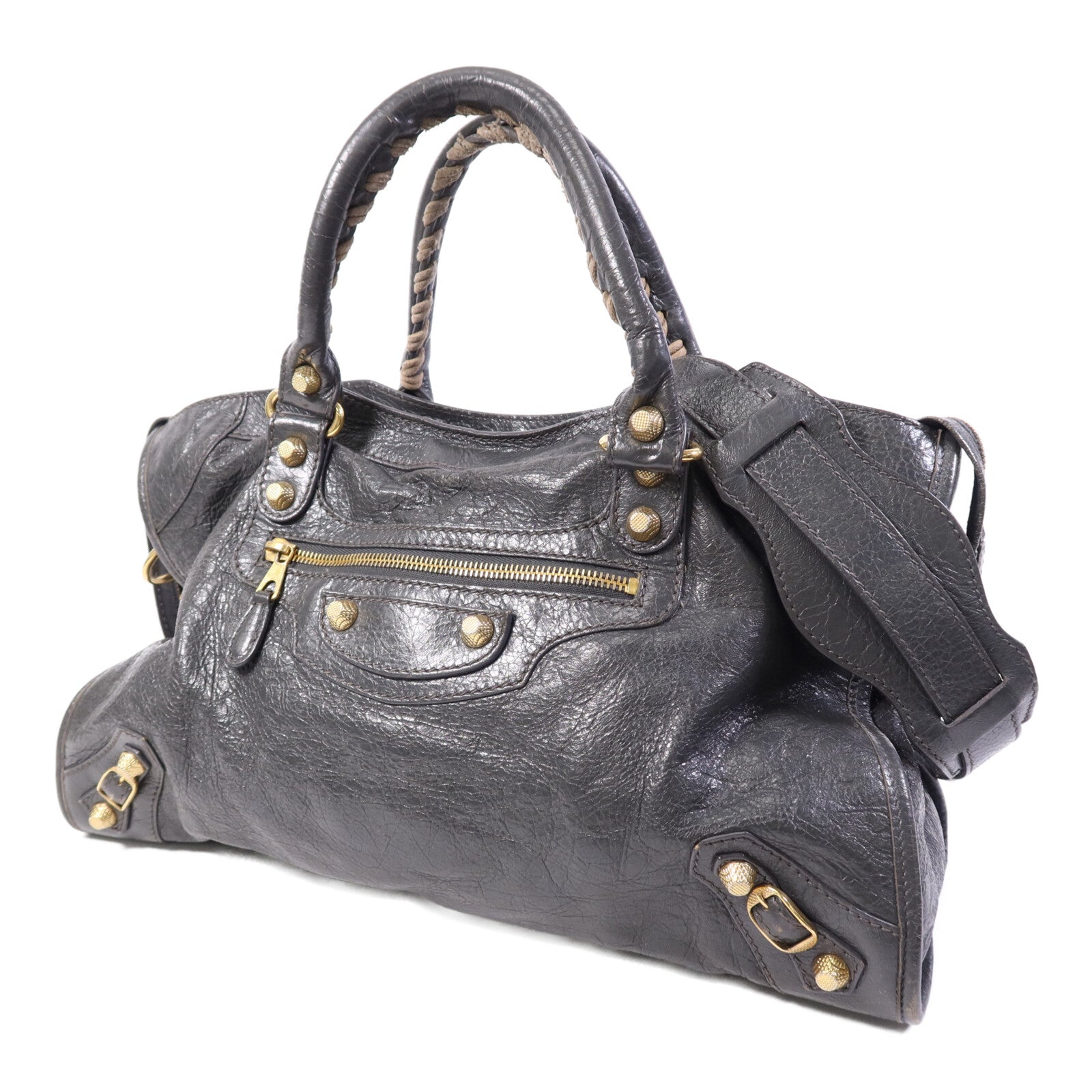 BALENCIAGA 牛皮皮革Giant City金扣手挽肩背兩用袋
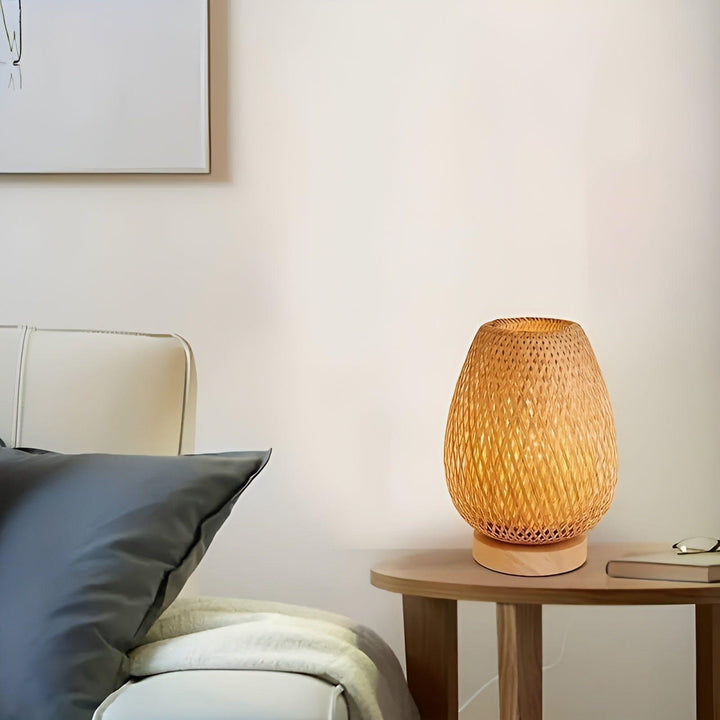 Aura Lampa - Bambu USB-driven Bordslampa för Sovrummet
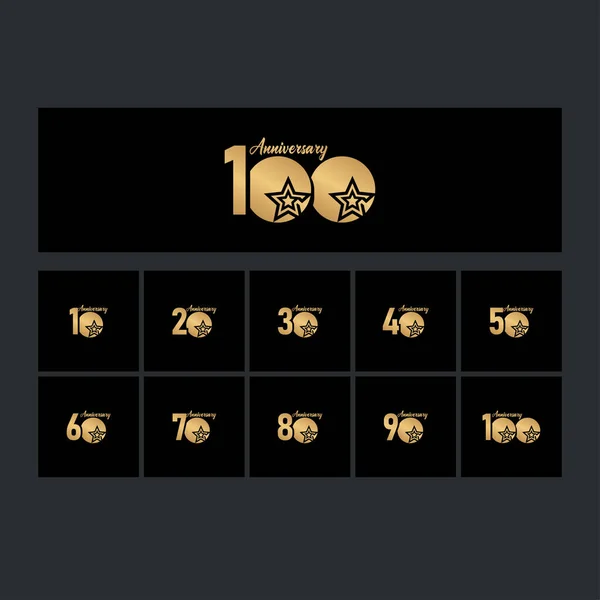 100 Yıl Yıldönümü Kutlama Yıldızı Altın Logo Şablonu Tasarım Çizimi — Stok Vektör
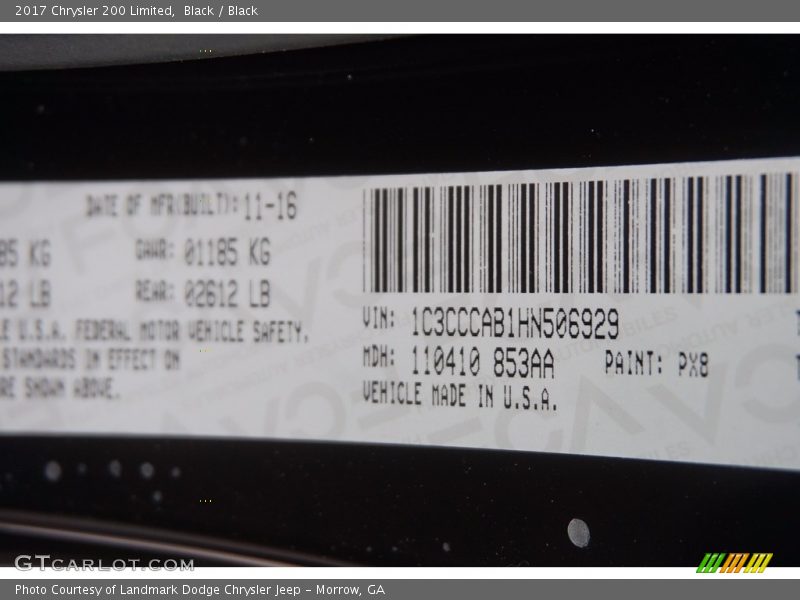 2017 200 Limited Black Color Code PX8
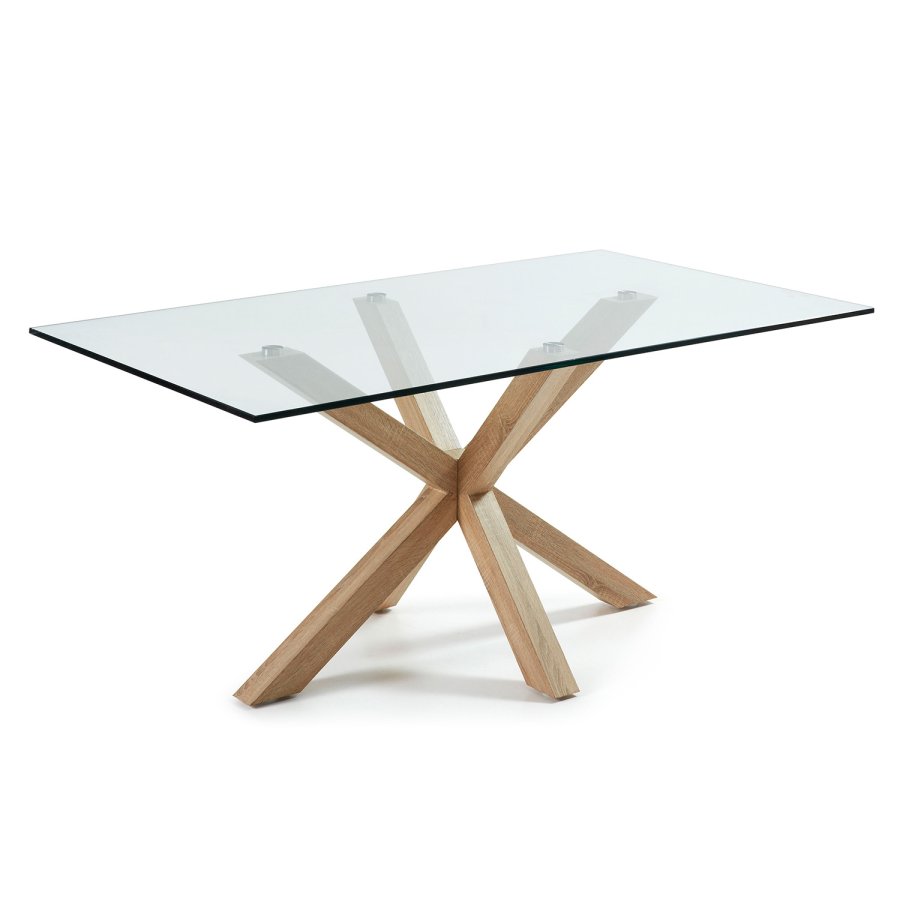 KAVE HOME Arya spisebord - klar glas og natur stl (180x100)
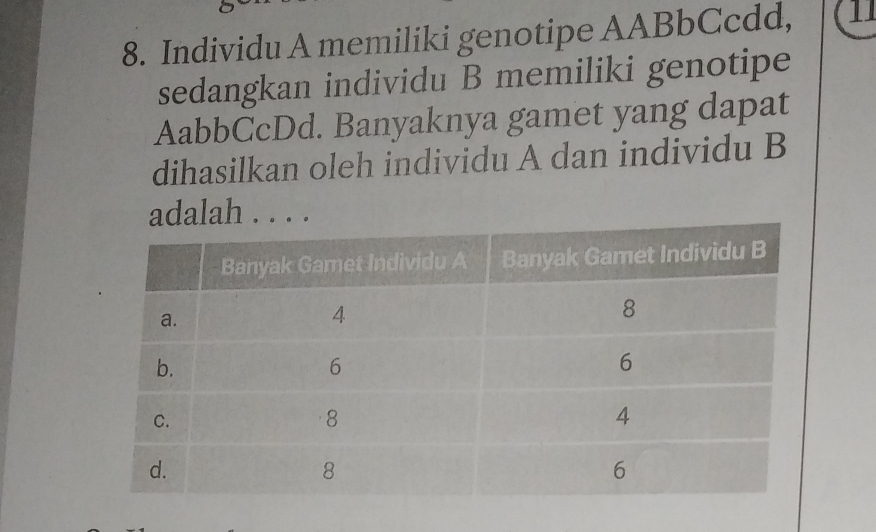 Individu A memiliki genotipe AABbCcdd, 11 
sedangkan individu B memiliki genotipe 
AabbCcDd. Banyaknya gamet yang dapat 
dihasilkan oleh individu A dan individu B 
adalah . . . .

****************************************

What the task asks: Line by line, return the listing above exactly, leaving out its pictures.

Written answer:
 BALENCIAGA 牛皮皮革Giant City金扣手挽肩背兩用袋
 Aura Lampa - Bambu USB-driven Bordslampa för Sovrummet
 100 Yıl Yıldönümü Kutlama Yıldızı Altın Logo Şablonu Tasarım Çizimi — Stok Vektör
 2017 200 Limited Black Color Code PX8
 KAVE HOME Arya spisebord - klar glas og natur stl (180x100)
 Individu A memiliki genotipe AABbCcdd, 11 
sedangkan individu B memiliki genotipe 
AabbCcDd. Banyaknya gamet yang dapat 
dihasilkan oleh individu A dan individu B 
adalah . . . .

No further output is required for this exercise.